EXERCISE BRIEF - Only one portion of the data is to be written out: from the line bearing "Kalėdinių Kraitės Rinkinys" through the line bearing "Готовая кухня Интерлиния". Write it exactly as it appears.

Source data
━━━

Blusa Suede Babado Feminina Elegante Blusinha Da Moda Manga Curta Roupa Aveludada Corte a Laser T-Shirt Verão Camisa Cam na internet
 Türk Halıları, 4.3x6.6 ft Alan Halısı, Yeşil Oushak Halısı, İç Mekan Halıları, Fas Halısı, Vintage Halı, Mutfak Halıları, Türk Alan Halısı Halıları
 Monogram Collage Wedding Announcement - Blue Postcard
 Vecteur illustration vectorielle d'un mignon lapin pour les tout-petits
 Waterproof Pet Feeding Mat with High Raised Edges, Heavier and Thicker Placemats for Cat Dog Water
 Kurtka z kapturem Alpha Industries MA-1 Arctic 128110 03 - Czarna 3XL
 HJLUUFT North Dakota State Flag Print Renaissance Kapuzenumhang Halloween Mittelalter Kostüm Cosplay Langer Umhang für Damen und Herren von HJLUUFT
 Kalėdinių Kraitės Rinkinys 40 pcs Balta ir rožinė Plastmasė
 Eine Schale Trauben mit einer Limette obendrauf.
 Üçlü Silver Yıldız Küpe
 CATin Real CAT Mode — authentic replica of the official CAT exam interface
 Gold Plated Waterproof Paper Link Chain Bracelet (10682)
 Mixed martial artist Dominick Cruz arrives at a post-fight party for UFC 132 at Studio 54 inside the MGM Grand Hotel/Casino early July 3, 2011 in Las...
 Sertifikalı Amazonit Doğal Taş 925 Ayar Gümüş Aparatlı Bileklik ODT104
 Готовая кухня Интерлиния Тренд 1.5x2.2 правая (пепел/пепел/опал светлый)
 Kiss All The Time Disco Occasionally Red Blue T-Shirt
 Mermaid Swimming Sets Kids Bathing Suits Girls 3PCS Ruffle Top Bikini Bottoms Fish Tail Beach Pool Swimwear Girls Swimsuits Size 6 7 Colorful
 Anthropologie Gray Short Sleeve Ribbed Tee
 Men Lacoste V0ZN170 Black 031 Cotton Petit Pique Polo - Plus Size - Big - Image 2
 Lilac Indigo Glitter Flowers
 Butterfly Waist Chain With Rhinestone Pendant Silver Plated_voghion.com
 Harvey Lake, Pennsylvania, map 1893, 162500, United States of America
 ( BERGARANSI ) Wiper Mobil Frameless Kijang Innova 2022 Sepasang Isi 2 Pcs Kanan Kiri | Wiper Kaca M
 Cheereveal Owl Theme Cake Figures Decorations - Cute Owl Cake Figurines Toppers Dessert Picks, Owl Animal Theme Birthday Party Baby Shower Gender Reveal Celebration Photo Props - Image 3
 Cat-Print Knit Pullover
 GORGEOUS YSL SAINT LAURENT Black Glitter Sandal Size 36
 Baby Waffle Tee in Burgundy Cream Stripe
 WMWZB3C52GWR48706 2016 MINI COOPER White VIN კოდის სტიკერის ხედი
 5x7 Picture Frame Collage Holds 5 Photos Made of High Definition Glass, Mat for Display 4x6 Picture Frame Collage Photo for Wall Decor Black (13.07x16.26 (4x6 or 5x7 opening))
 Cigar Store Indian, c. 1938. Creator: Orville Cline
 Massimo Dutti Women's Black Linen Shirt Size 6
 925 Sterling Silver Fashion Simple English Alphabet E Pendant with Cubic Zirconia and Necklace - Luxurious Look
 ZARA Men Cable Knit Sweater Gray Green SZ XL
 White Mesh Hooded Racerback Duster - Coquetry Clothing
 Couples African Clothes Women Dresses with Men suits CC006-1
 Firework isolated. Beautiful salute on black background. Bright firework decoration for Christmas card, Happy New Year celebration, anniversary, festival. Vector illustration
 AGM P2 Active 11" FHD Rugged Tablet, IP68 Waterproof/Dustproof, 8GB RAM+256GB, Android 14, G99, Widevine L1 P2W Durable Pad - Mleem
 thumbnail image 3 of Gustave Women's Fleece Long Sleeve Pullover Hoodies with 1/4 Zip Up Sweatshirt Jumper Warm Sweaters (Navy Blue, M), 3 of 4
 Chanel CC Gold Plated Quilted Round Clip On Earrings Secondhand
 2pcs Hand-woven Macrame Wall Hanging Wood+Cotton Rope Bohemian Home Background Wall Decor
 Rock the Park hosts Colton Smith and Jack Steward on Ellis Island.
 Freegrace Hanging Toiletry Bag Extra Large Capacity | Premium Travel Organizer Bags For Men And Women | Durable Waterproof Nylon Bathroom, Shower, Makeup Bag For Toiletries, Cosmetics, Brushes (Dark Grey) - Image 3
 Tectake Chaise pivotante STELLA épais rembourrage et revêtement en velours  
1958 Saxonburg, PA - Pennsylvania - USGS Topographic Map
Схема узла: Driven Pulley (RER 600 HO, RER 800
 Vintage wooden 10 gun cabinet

━━━

ANSWER SECTION -
 Kalėdinių Kraitės Rinkinys 40 pcs Balta ir rožinė Plastmasė
 Eine Schale Trauben mit einer Limette obendrauf.
 Üçlü Silver Yıldız Küpe
 CATin Real CAT Mode — authentic replica of the official CAT exam interface
 Gold Plated Waterproof Paper Link Chain Bracelet (10682)
 Mixed martial artist Dominick Cruz arrives at a post-fight party for UFC 132 at Studio 54 inside the MGM Grand Hotel/Casino early July 3, 2011 in Las...
 Sertifikalı Amazonit Doğal Taş 925 Ayar Gümüş Aparatlı Bileklik ODT104
 Готовая кухня Интерлиния Тренд 1.5x2.2 правая (пепел/пепел/опал светлый)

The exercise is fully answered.